Meet DALL-E, the A.I. That Draws Anything at Your Command

Meet DALL-E, the A.I. That Draws Anything at Your Command

San Francisco – At OpenAI, one of the world’s most ambitious artificial intelligence labs, researchers are building technology that lets you create digital images simply by describing what you want to see.

They call it DALL-E in a nod to both “WALL-E,” the 2008 animated film about an independent robot, and Salvador Dali, the surrealist painter.

OpenAI, backed by $1 billion in funding from Microsoft, has yet to share the technology with the general public. But one afternoon, Alex Nicholl, one of the researchers behind the system, demonstrated how it works.

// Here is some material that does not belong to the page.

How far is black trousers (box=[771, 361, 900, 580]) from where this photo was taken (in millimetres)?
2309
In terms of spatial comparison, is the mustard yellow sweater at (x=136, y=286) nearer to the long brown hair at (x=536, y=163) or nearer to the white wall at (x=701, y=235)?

When he requested an “avocado-shaped teapot,” typing those words into a largely blank computer screen, the system generated 10 distinct images of a dark green avocado teapot, some with pits and some without. “DALL-E is good on avocado,” said Mr. Nicholl.

When he wrote “Cats Playing Chess,” he placed two fluffy cats on either side of a square game board, 32 chess pieces lined up between them. When he summoned a “teddy bear playing the underwater trumpet,” one of the images showed tiny air bubbles rising from the end of the bear’s horn toward the surface of the water.

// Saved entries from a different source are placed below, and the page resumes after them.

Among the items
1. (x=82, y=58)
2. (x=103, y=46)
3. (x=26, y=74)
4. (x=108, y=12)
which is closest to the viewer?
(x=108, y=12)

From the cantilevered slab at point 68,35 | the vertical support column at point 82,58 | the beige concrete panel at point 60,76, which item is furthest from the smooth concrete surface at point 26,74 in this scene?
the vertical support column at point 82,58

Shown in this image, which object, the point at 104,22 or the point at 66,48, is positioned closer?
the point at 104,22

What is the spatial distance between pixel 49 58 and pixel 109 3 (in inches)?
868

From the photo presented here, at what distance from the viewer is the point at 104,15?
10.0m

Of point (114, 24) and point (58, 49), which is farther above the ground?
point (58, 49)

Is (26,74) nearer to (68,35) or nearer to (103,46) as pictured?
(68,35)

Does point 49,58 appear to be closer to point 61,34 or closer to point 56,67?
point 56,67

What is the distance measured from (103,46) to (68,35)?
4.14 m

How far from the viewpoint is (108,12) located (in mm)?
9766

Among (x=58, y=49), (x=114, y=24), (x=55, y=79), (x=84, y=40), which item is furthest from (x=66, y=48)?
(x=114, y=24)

DALL-E can also edit photos. When Mr. Nicole erased the teddy bear’s horn and ordered a guitar instead, a guitar appeared between the furry arms.

A team of seven researchers spent two years developing the technology, which OpenAI plans to eventually offer as a tool for people like graphic artists, introducing new shortcuts and new ideas while creating and editing digital images. Computer programmers already use Copilot, a tool based on similar technology from OpenAI, to generate snippets of program code.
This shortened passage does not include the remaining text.